Reputation: 4100
I have strings like:
- Your signing bonus is 123,000
- This year signing bonus is bad. the signing bonus for this year is EUR 123,000
- The bonus is 14,456, but signing bonus.
I want the output like:
a) If there is any number followed by signing bonus
keep that part of string and remove everything. See Expected Output 1 & 2
b) If no number is followed by signing bonus
I should get the 1st part of the sting.

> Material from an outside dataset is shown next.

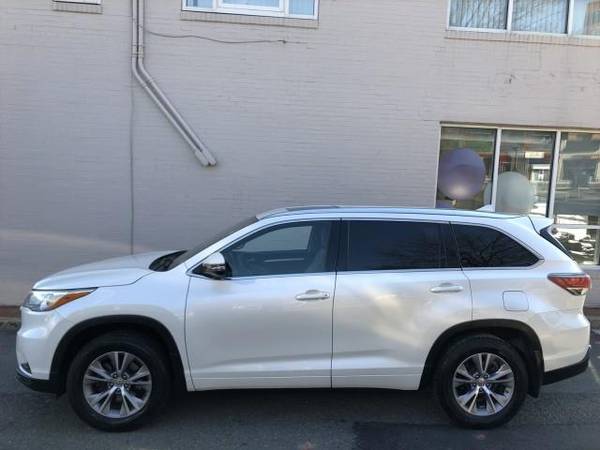 2015 Toyota Highlander - - by dealer - vehicle for sale in Arlington, District Of Columbia – photo 6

See expected output 3
Expected Output
is 123,000
for this year is EUR 123,000
The bonus is 14,456, but
My Regex:
match1 = re.findall(r'(?<=\bSigning Bonus\b)\s*(?:\S+\b\s*){0,8}',value, re.I|re.M|re.DOTALL)
It handles Output 1 and Output 2 but can't handle Output 3.
I am also open to solution which can be done without regex also!!
Upvotes: 0
Views: 67
Reputation: 751
This will print your answer:
statements = [
'Your signing bonus is 123,000',
'This year signing bonus is bad. the signing bonus for this year is EUR 123,000',
'The bonus is 14,456, but signing bonus.',
]
for statement in statements:
ans = statement.split('signing bonus')
if not ans:
print('')
continue
for i in range(len(ans) - 1, -1, -1):
for word in ans[i].split(' '):
try:
number = int(word.replace(',', ''))
print(ans[i].strip())
break
except:
pass
Output:
is 123,000
for this year is EUR 123,000
The bonus is 14,456, but
Upvotes: 0
Reputation: 3346
try below code.
s1 = "Your signing bonus is 123,000"
s2 = "This year signing bonus is bad. the signing bonus for this year is EUR 123,000"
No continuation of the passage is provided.